A shift in the Mac’s trajectory. “Mac sales are tracking to 14 million units in calendar 2010, more than 50% higher than the number we previously forecast for the year.”
Rapid iPhone upgrades. “The recent iPhone 4 launch indicates that current iPhone owners are upgrading much faster than we previously assumed. This will increase total iPhone sales even as the installed base of iPhones grows roughly in line with our previous forecast.”
Wolf has a model of Apple that assigns a value to each of the company’s businesses — the iPod, iPhone, iPad, Mac, software and music — and in which growth in Macintosh sales depends solely on the halo effects from the iPod and iPhone. What that model tells him is that Apple’s shares should be trading at $375, not his previous target of $280 or Friday’s closing price of $260.09.

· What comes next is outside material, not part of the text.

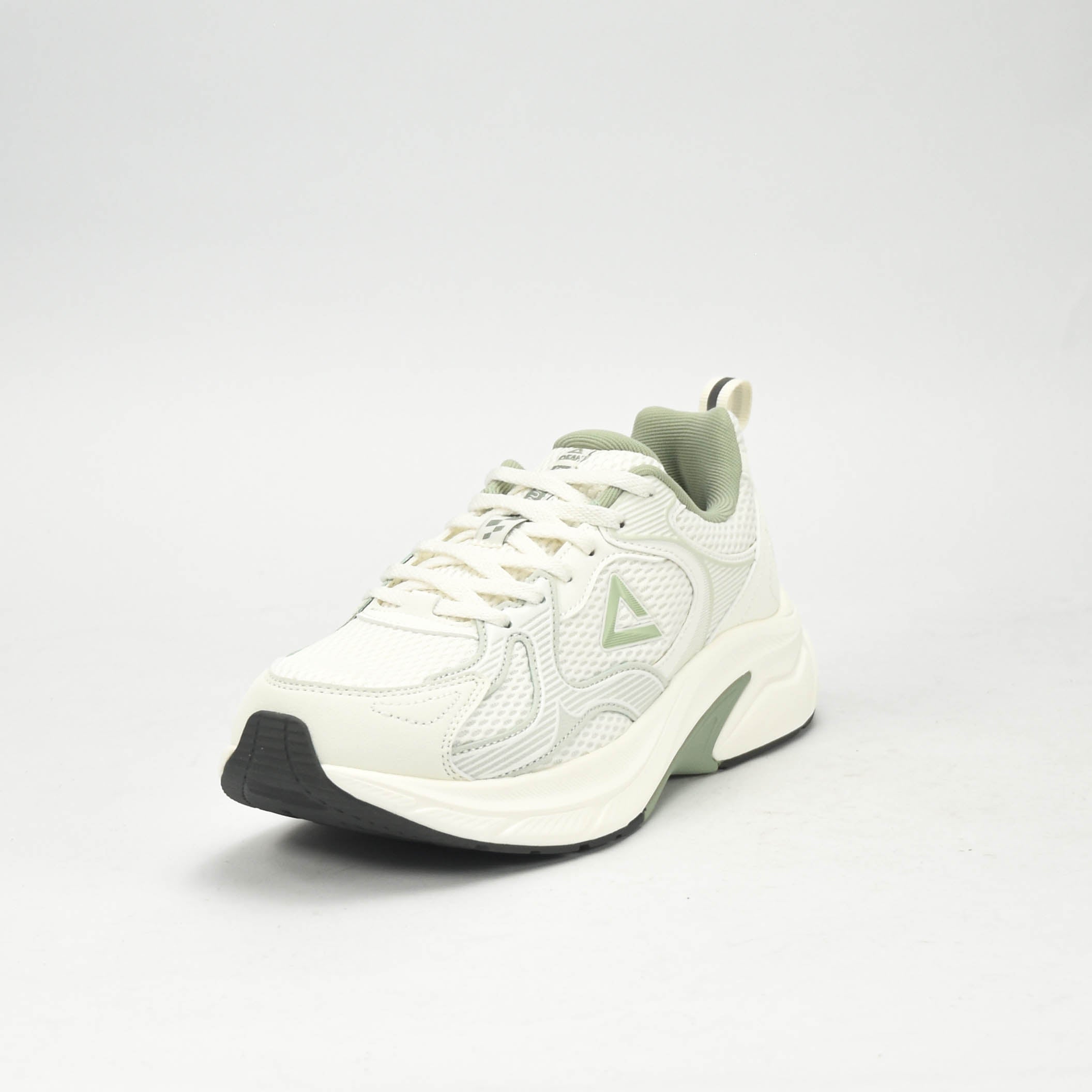 Peak Taichi Training Running Shoes White/Green - EXT54438H-Z470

“In our view,” he writes, “Apple’s market capitalization has the potential to exceed our estimate. That’s because Apple is a small fish in three very large ponds.”
The three ponds: the worldwide PC market (Mac has 4+%), the smartphone market (iPhone has 14%) and the tablet computer market (for now the iPad has it all to itself).
Below: Wolf’s valuation model.
Note that in Wolf’s spreasheet, the Mac’s contribution to Apple’s share price has grown 72.8% faster than he expected while the iPad’s has grown nearly 250%.
But Wolf is pretty conservative when it comes to predicting Apple’s sales. He’s the only analyst we know whose revenue estimate for the company’s fiscal fourth quarter, $17.87 billion, is below Apple’s own guidance ($18 billion).